Frankenheimer's own world, which began in such sunshine, darkened from the later 1960s until 1980. He started drinking heavily, moved to Paris, took cooking classes ("for many people, being a chef and bring a drunk amount to the same thing"), and had a series of films that didn't work. He stopped drinking, "one day at a time," in 1980: "It was either that or die."
During this period he did direct one masterpiece, ironically about drinking: It was a film of Eugene O'Neill's "The Iceman Cometh" (1973) with great performances by Lee Martin and Robert Ryan. Made for the short-lived American Film Theater subscription series, it disappeared from circulation, but recently the heirs of producer Eli Landau expressed hope that all the AFT films may be restored.
After he stopped drinking, Frankenheimer's career picked up again, notably with the knife-edged, weirdly funny "52 Pick-Up" (1986), one of the best of all the films of Elmore Leonard stories. "Year of the Gun" (1991) was a superior thriller starring Andrew McCarthy and Sharon Stone, in a key early role.

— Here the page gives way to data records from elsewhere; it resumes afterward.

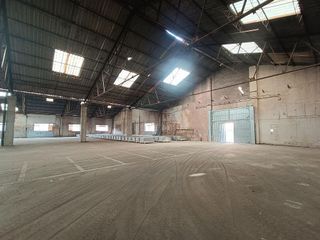 Nave industrial en alquiler en Alcora, l´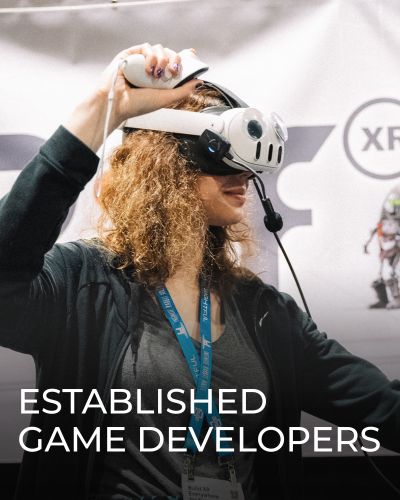 Game Developers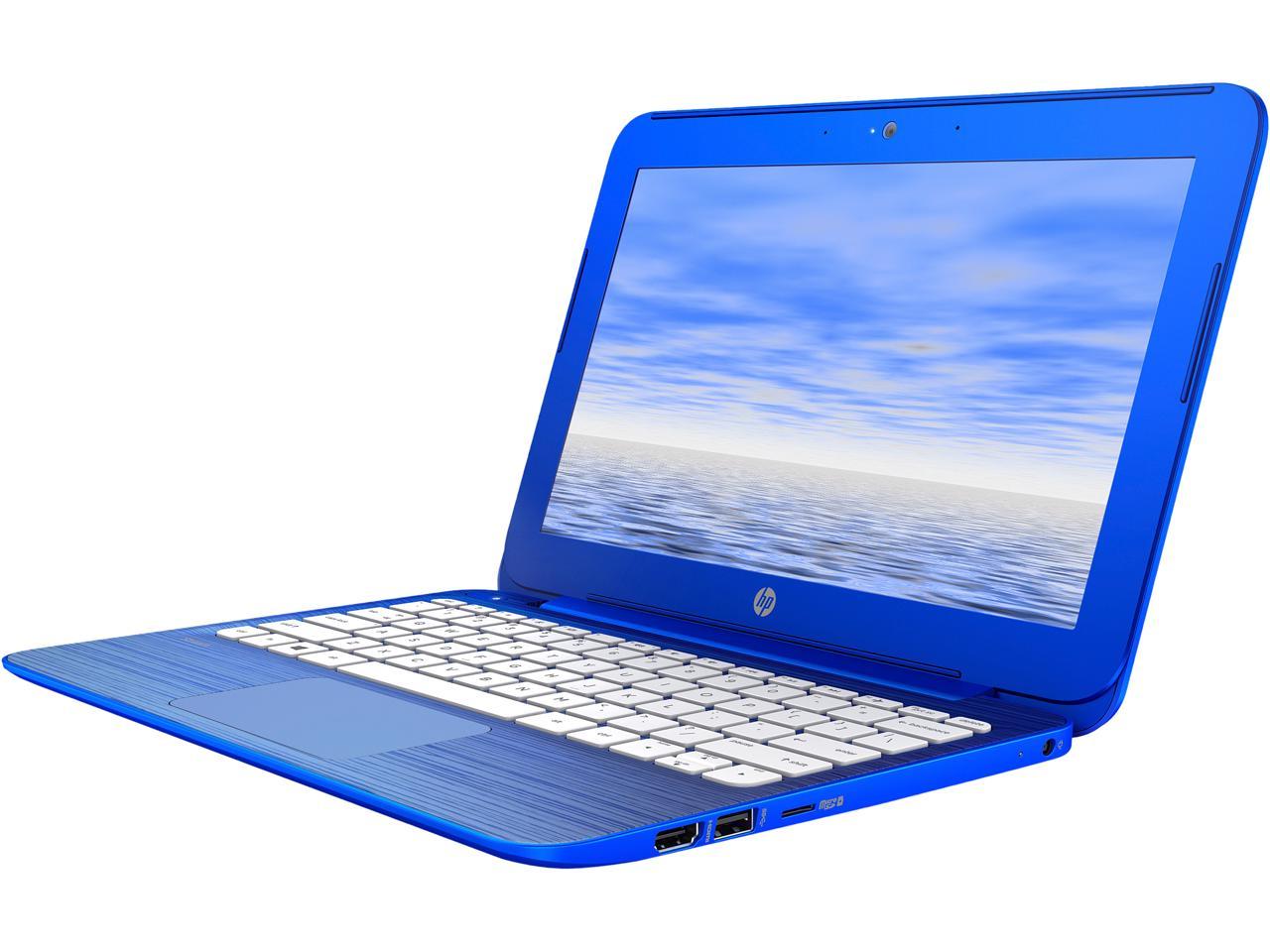 Hp Stream Bilingual Laptop Intel Celeron N3050 16 Ghz 116 Windows 10 Home 11 R010ca Neweggca 9572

He made two other films in the 1990s ("Ronin," 1998, with its astonishing Paris chase scene, and "Reindeer Games" in 2000), but he was at the top of his form in original television drama, the genre where he began. "George Wallace" (1997) starred Gary Sinese in an extraordinary portrait of the fall and repentance of the Alabama governor, and the well-reviewed "Path to War," about Lyndon Johnson's escalation of the war in Vietnam, premiered in May. In recent years, he ruled made-for-cable films, winning four consecutive Emmys for his direction.
Although he never blamed his drinking on it, his personal life took a sad blow in 1968 with the assassination of Robert Kennedy. Frankenheimer was a close friend and media advisor to Kennedy, and RFK was staying at the director's house when he fought and won the crucial California primary. Frankenheimer drove Kennedy to the Ambassador Hotel for a victory speech which was followed by the assassination.
Ironically, it was the 1963 assassination of John F.Kennedy that prompted Frank Sinatra, the producer of "The Manchurian Candidate," to withdraw that film from release for many years, even though it contained perhaps Sinatra's best performance. It was re-released in 1988, as powerful as ever and, sadly, even more timely.
News of Frankenheimer's death on Saturday, at 72, came as a shock to those who remembered the tall, dynamic man, who seemed in vigorous health. Complications after back surgery led to a stroke. In a career that graced the second half of the 20th century, he had his ups and downs, but the ups were glorious, and his joy in his craft was evident to anyone who met him.